(Stored items from a collection)
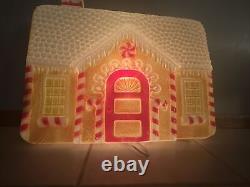 Don Featherstone Gingerbread House Blow Mold Light Display Vintage 1994/1995 1/2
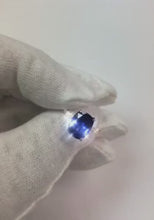 Video laden en afspelen in Gallery-weergave, diamant solitaire accenten ring smaragd blauwe saffier 4 karaat
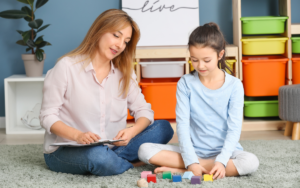Psicopedagoga treballant dificultats d’aprenentatge
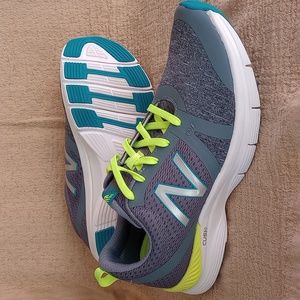 New Balance 715 Cross Trainers Womens 11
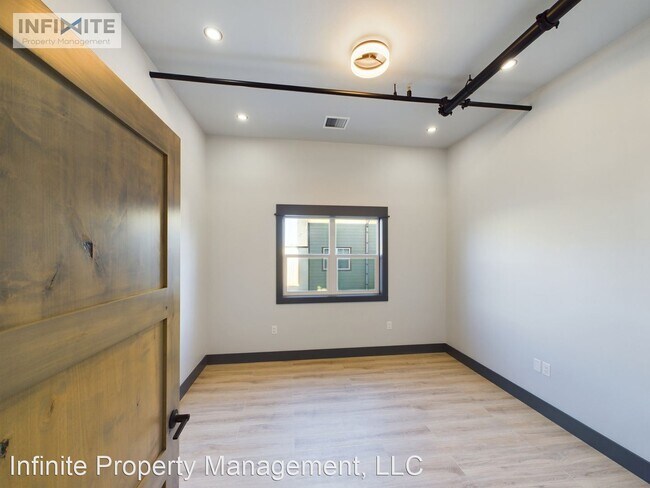 Building Photo - Studio, 1.5 bath House - 85 Mill Town Loop...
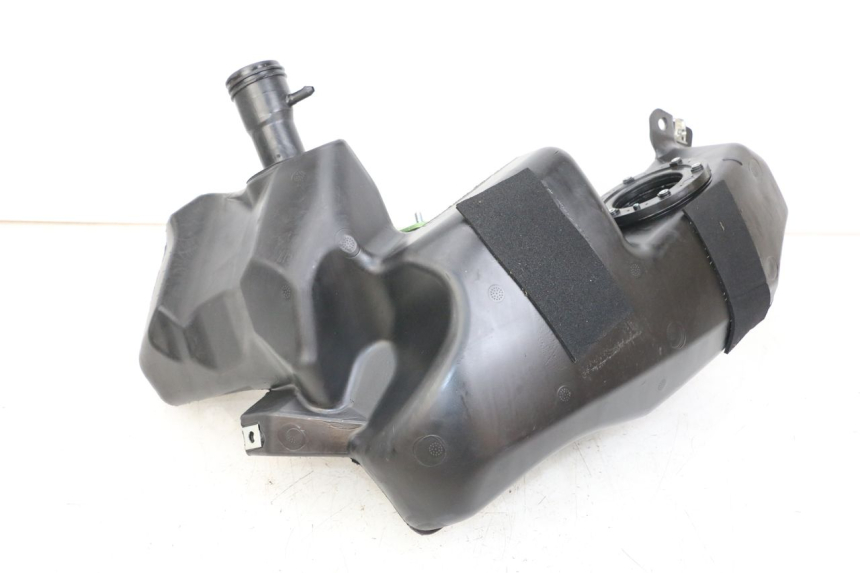 photo de DEPOSITO FUEL PIAGGIO VESPA PRIMAVERA 4T 50 (2021 - 2024) - Primer plano técnico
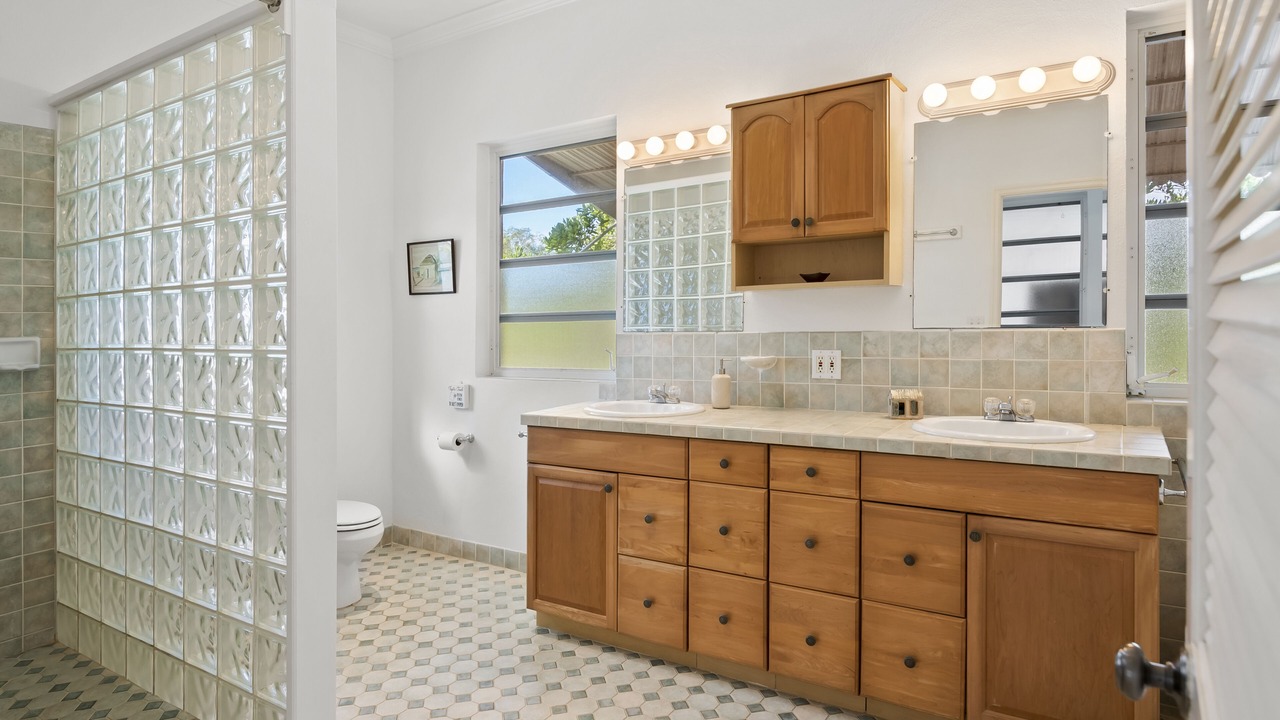 Photo of Bathroom in George Town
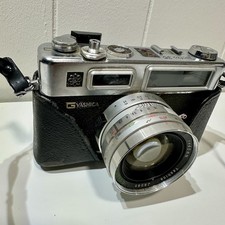 Yashica 35 Rangefinder 35mm Film Camera w/ YASHINON 45mm f/2.8 W Case B5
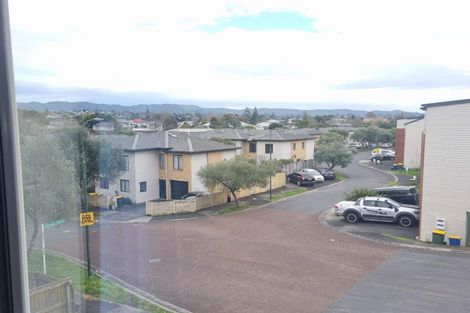 Photo of property in 11/2 Swan Hill Drive, Glen Eden, Auckland, 0602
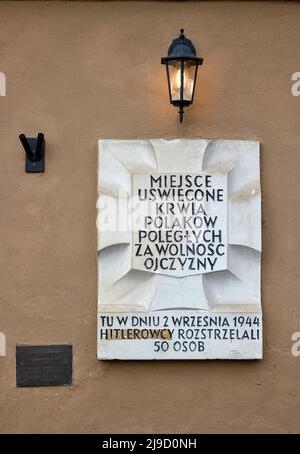 VARSOVIE, POLOGNE - 14 MAI 2022 : plaque commémorative Tchorek commémorant le soulèvement de Varsovie en 1944 Banque D'Images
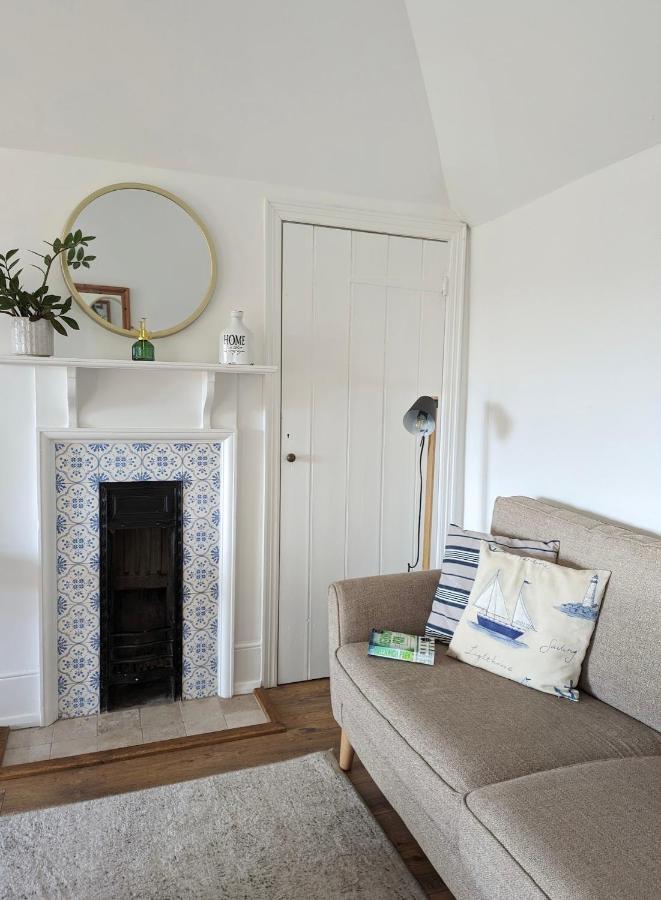 Humphries Cross Apartment Rye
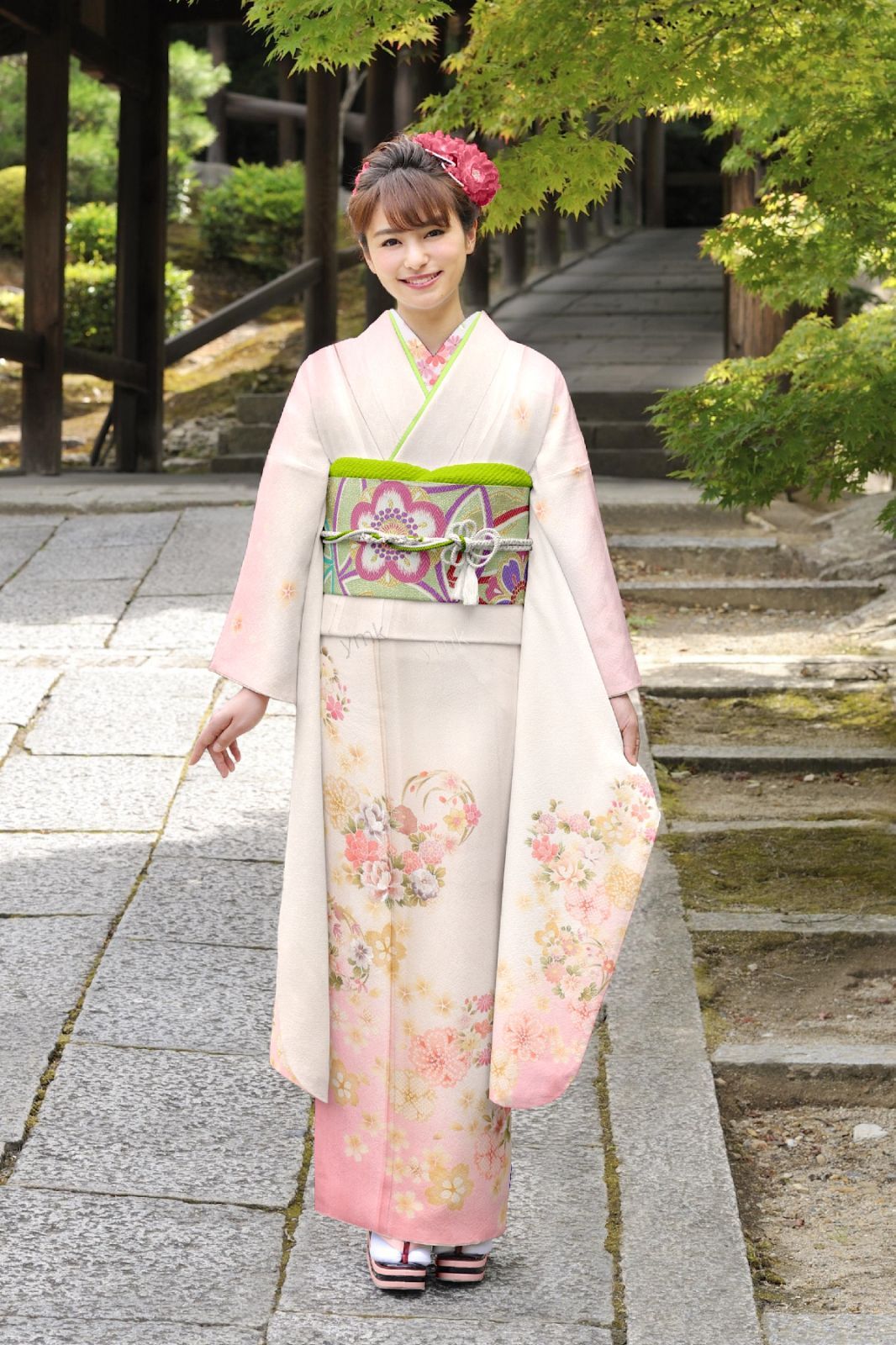 振袖【中古】 仕立上がりリサイクル品 白色 花柄 正絹 R129 - メルカリ
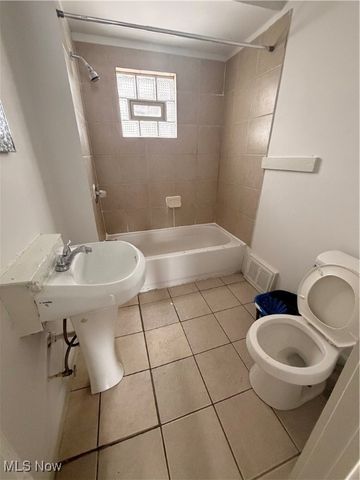 9521 Mount Auburn Avenue, Cleveland, OH 44104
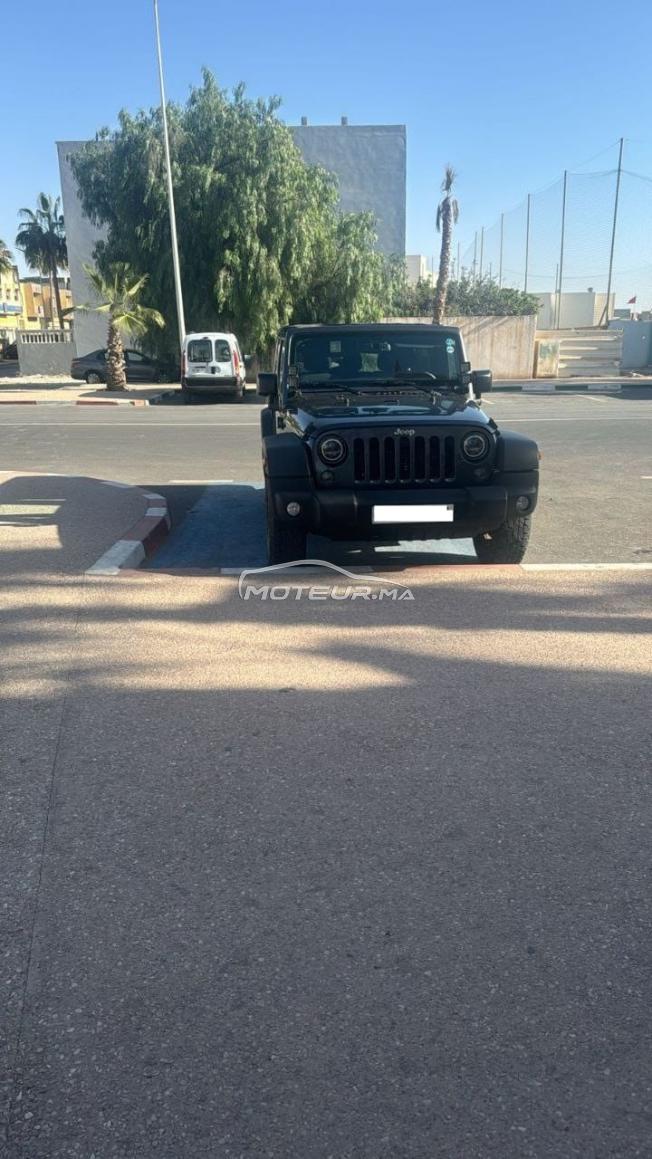 Jeep Wrangler Sport avec caravane tout terrain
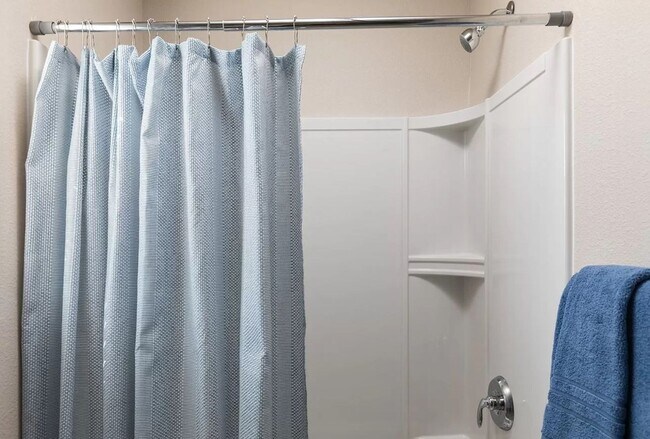 Building Photo - Newer 2000 sq ft 4 bedroom home for Lease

■ **Required action**
Drop the pictures and set down the data above exactly.

■ **Response to the exercise**
 Don Featherstone Gingerbread House Blow Mold Light Display Vintage 1994/1995 1/2
 Video laden en afspelen in Gallery-weergave, diamant solitaire accenten ring smaragd blauwe saffier 4 karaat
Psicopedagoga treballant dificultats d’aprenentatge
 New Balance 715 Cross Trainers Womens 11
 Building Photo - Studio, 1.5 bath House - 85 Mill Town Loop...
 photo de DEPOSITO FUEL PIAGGIO VESPA PRIMAVERA 4T 50 (2021 - 2024) - Primer plano técnico
 Photo of Bathroom in George Town
 Yashica 35 Rangefinder 35mm Film Camera w/ YASHINON 45mm f/2.8 W Case B5
 Photo of property in 11/2 Swan Hill Drive, Glen Eden, Auckland, 0602
 VARSOVIE, POLOGNE - 14 MAI 2022 : plaque commémorative Tchorek commémorant le soulèvement de Varsovie en 1944 Banque D'Images
 Humphries Cross Apartment Rye
 振袖【中古】 仕立上がりリサイクル品 白色 花柄 正絹 R129 - メルカリ
 9521 Mount Auburn Avenue, Cleveland, OH 44104
 Jeep Wrangler Sport avec caravane tout terrain
 Building Photo - Newer 2000 sq ft 4 bedroom home for Lease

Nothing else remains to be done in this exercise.